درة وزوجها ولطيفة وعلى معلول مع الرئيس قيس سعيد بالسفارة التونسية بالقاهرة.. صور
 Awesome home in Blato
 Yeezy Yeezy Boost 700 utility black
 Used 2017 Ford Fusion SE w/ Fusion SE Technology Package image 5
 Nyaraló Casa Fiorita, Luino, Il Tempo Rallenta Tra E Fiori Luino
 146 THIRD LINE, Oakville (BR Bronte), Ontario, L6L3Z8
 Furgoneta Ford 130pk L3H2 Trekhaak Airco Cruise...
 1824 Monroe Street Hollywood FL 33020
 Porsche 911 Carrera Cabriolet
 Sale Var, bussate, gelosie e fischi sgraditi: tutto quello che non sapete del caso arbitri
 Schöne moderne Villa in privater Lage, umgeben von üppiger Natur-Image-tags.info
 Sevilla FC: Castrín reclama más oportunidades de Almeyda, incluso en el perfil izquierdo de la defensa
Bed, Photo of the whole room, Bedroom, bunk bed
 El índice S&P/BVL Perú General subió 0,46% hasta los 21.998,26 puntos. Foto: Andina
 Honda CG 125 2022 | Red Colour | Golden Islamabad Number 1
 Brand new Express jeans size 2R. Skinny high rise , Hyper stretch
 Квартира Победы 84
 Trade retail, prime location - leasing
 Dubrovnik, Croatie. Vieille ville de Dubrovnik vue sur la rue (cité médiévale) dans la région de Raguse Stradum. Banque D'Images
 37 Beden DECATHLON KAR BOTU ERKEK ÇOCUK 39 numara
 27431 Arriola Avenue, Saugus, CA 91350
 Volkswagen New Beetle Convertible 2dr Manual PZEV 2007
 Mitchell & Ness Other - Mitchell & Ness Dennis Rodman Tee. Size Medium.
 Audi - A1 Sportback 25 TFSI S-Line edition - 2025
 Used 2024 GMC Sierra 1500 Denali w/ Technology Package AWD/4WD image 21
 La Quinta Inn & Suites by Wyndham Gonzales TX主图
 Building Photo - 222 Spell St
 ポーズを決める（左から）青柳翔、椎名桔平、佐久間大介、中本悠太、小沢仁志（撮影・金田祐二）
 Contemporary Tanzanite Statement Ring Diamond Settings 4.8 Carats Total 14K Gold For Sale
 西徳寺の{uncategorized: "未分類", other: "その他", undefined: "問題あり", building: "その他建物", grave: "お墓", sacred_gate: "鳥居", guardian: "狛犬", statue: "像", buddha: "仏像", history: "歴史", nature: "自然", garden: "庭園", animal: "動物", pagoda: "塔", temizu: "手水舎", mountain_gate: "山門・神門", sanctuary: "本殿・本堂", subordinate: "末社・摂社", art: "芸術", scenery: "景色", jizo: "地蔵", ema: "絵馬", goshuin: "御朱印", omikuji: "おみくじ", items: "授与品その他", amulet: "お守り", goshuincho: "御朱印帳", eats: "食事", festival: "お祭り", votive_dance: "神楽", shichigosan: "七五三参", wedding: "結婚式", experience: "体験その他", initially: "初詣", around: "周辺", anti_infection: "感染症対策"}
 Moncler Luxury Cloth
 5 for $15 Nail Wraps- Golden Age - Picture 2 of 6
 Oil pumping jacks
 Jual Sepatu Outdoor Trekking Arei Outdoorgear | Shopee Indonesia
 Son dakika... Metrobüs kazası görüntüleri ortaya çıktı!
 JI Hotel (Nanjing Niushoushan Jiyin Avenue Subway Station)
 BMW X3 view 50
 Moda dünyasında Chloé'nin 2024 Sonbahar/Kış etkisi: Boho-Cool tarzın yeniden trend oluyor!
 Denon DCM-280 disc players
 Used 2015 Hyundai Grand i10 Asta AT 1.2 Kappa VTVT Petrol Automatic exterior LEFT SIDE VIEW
+ + + + + + +
Look through the material above and print exactly the lines from the one containing "Building Photo - 222 Spell St" to the one containing "Contemporary Tanzanite Statement", both included, and nothing more.

 Building Photo - 222 Spell St
 ポーズを決める（左から）青柳翔、椎名桔平、佐久間大介、中本悠太、小沢仁志（撮影・金田祐二）
 Contemporary Tanzanite Statement Ring Diamond Settings 4.8 Carats Total 14K Gold For Sale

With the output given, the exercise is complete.